So, we have these historical match archives, and we've learned how to get started inspecting the data they contain. But inspecting individual matches only takes us so far -- we really want to analyze many matches, to discover unexpected insights, or confirm hypotheses. How can we do that?

Let's look at an example of an analysis that we might run. This example will use the jq JSON processor command line tool. You can do similar things using the built-in JSON library in Python. Similar tools exist for many other languages.

Say we want to know which opening moves are most popular in Connect Four. Let's also consider only matches signed by the hosting system, so we know where they came from. This can be done with the following command:

$ cat matchesFrom2012 | jq 'if .data.gameMetaURL == "" and .data.matchHostPK != null then .data.moves[0][0] else null end' | grep -v null | sort | uniq -c

Before we run this, how does it work? First, it lists all of the matches from 2012. For every match where Connect Four was played, and a signature was recorded, we output the first move for the first player. For every other match, we output null. Then we drop all of the nulls. Then we sort the output, and print out a count for each unique entry: a histogram, essentially.

Okay, let's run that command:

$ cat matchesFrom2012 | jq 'if .data.gameMetaURL == "" and .data.matchHostPK != null then .data.moves[0][0] else null end' | grep -v null | sort | uniq -c
    340 "( drop 1 )"
    356 "( drop 2 )"
    357 "( drop 3 )"
   1672 "( drop 4 )"
   1644 "( drop 5 )"
    333 "( drop 6 )"
    311 "( drop 7 )"
    321 "( drop 8 )"

Success! And best of all, these results make sense -- the two center columns are the strongest opening plays in Connect Four, and this confirms that they're chosen most frequently. Also, since the game is symmetric, it makes sense that there's a symmetric distribution of opening moves.

Let's compare that result with the distribution of opening moves for Connect Four from 2011.

$ cat matchesFrom2011 | jq 'if .data.gameMetaURL == "" and .data.matchHostPK != null then .data.moves[0][0] else null end' | grep -v null | sort | uniq -c
   1447 "( drop 1 )"
   1413 "( drop 2 )"
   1446 "( drop 3 )"
   1592 "( drop 4 )"
   1506 "( drop 5 )"
   1400 "( drop 6 )"
   1478 "( drop 7 )"
   1470 "( drop 8 )"

That's different! What happened?

Well, to begin with, there are similarities between 2011 and 2012. The distributions of observed moves are roughly symmetric in both. And both have a peak in the center, for the moves we know to be stronger. But in 2012 the peak is much more pronounced than in 2011. It's almost as though the players in 2012 were noticeably better than those in 2011...

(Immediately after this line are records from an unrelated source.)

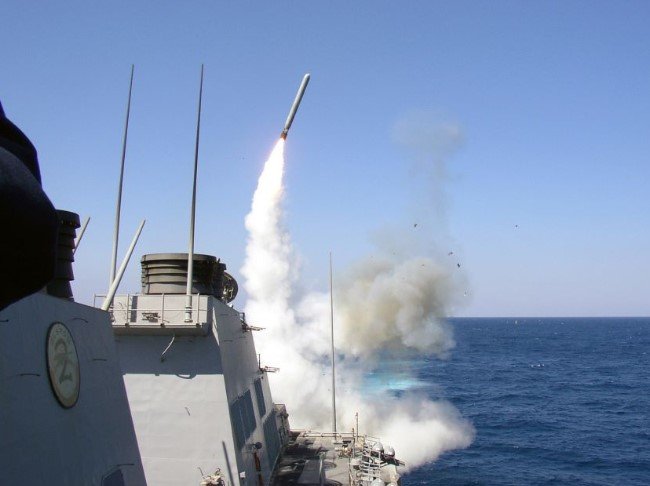 When is a ceasefire not a ceasefire?  When both sides are still firing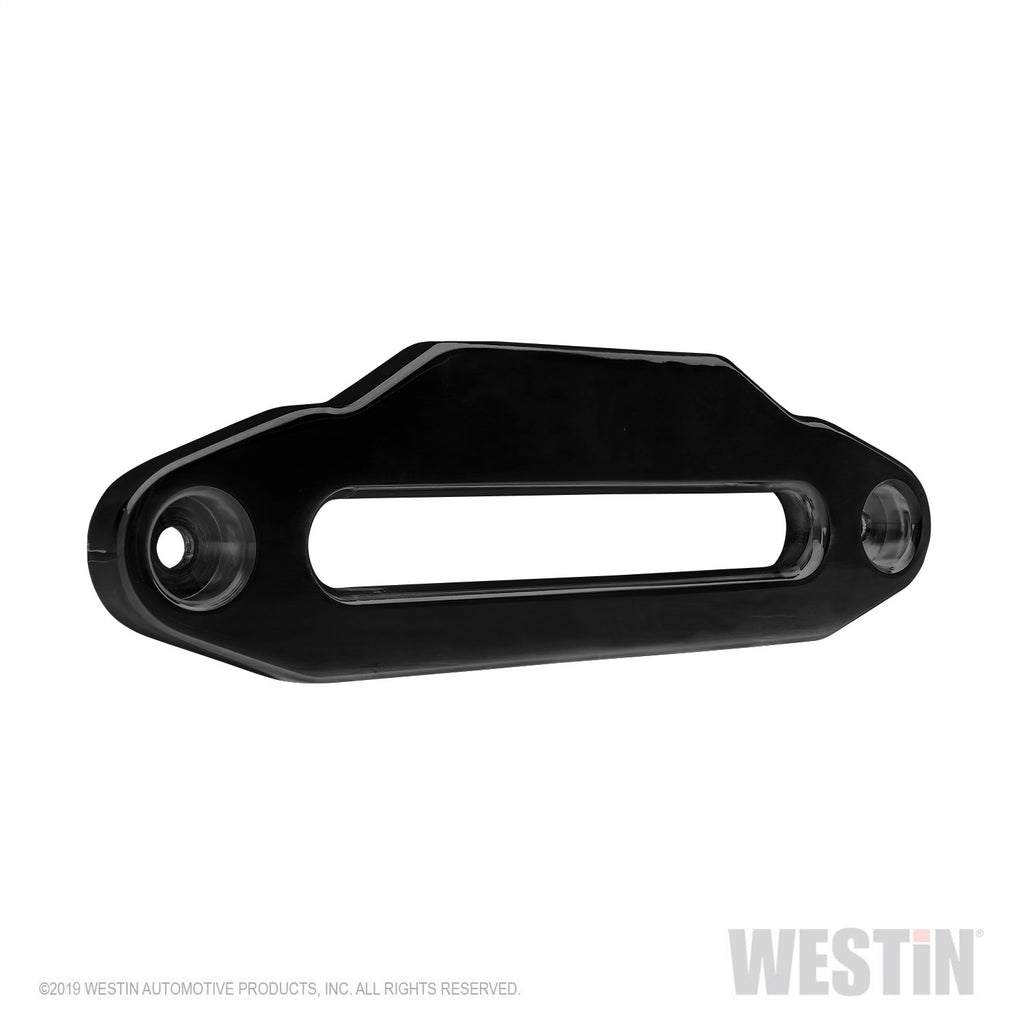 Westin 47-3415 Hawse Fairlead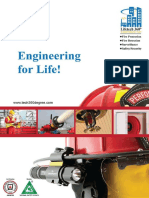 Lifetech Brochure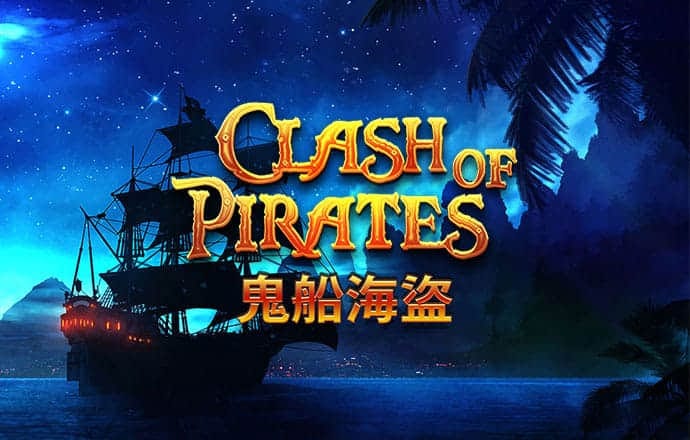 925体育直播app下载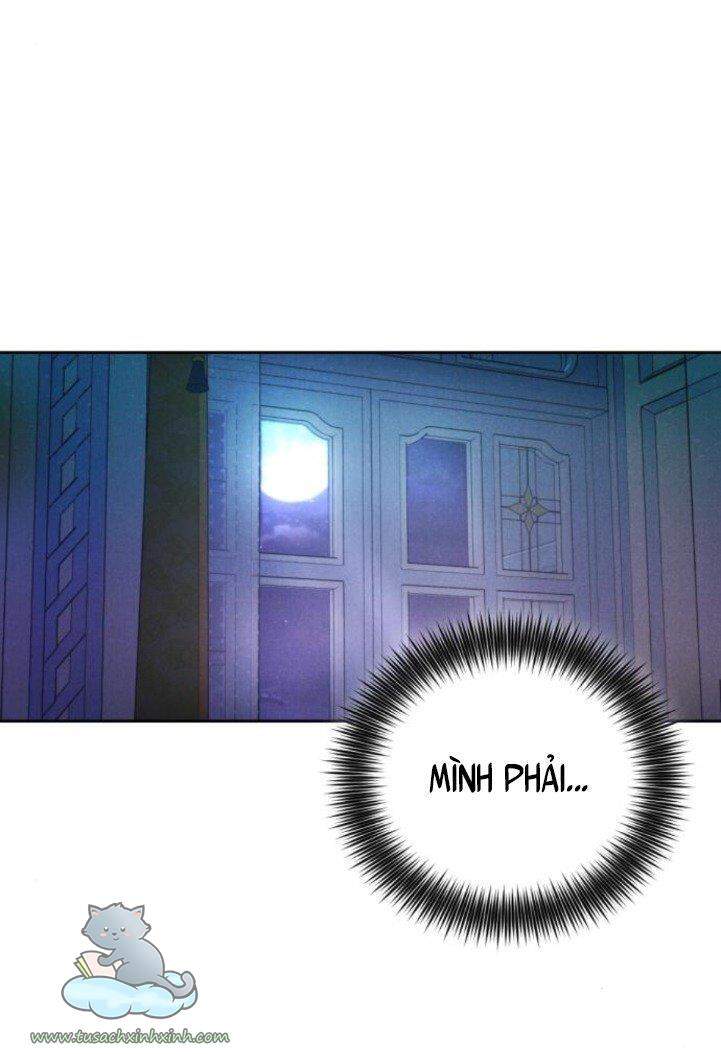 Hoàng Hậu Tái Hôn - Chapter 93 - Page 12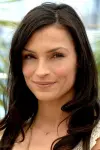 Photo Famke Janssen #13214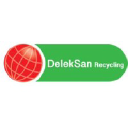 deleksan.com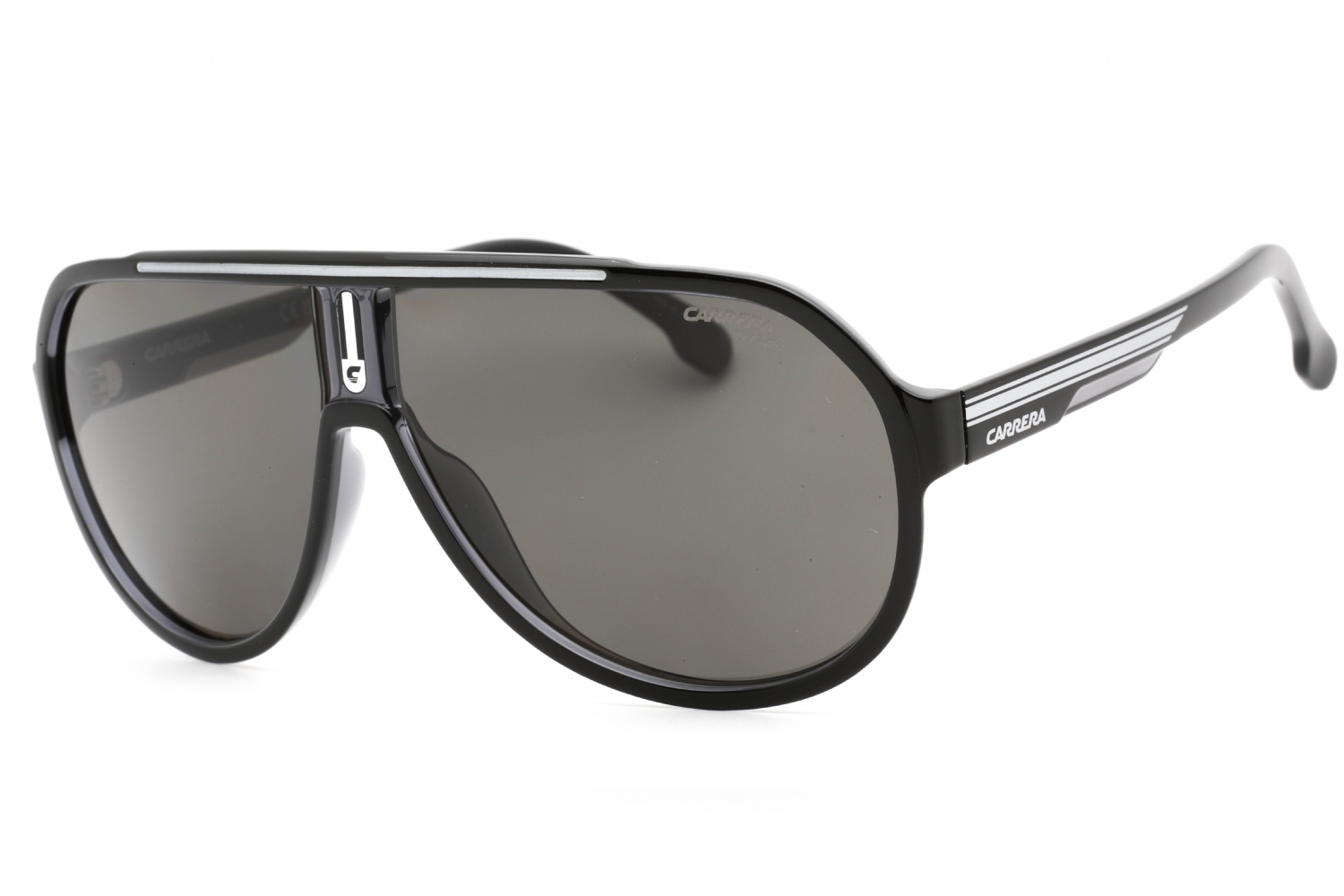 CARRERA 1057 08AM9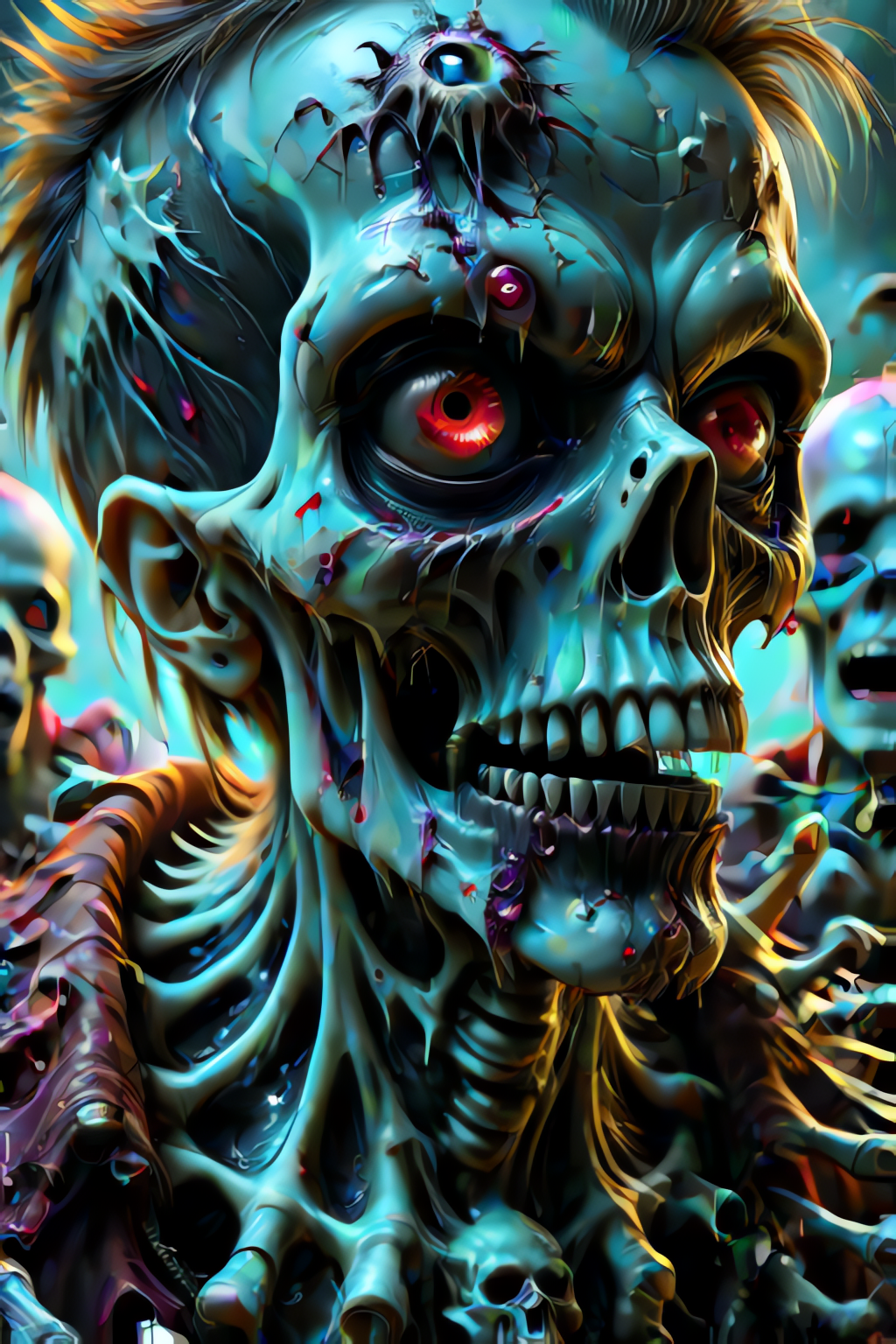./Deforum_666/20250505200401_upscaled/20250505200401_000000180.png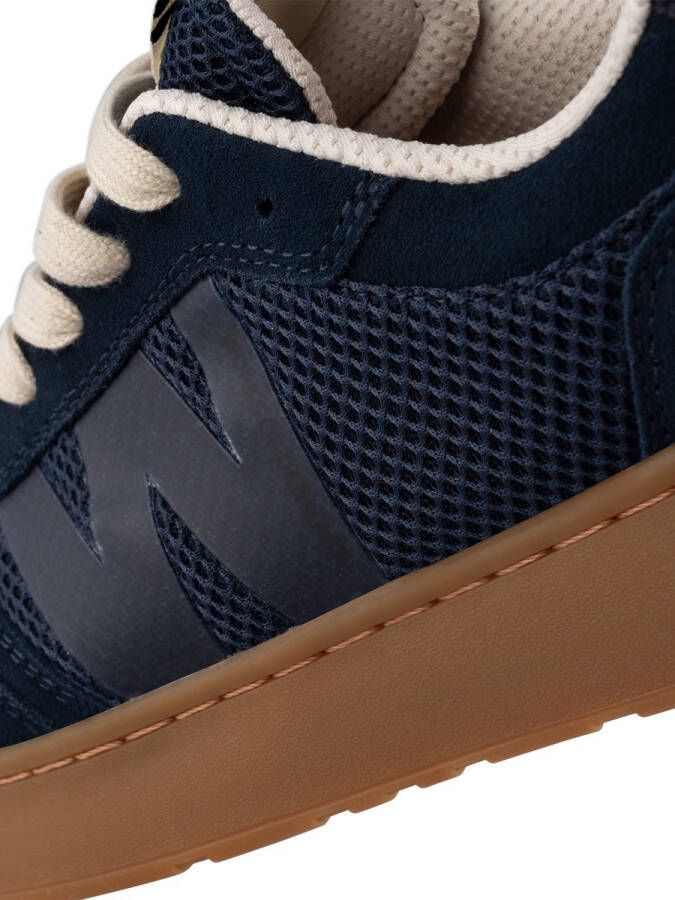 WODEN MENS Sneakers Frode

... and indeed, that's true. For the majority of 2011, there were several robot players on Tiltyard playing randomly, doing load testing of the hosting, publishing, archiving, etc. These random players were shut off once real players began to play on Tiltyard consistently. That change explains the sudden improvement in the choice of opening moves in Connect Four between 2011 and 2012. This can be confirmed by looking at the data for 2013, which matches the data for 2012.

Thus concludes our first discovery based on the historical match archives!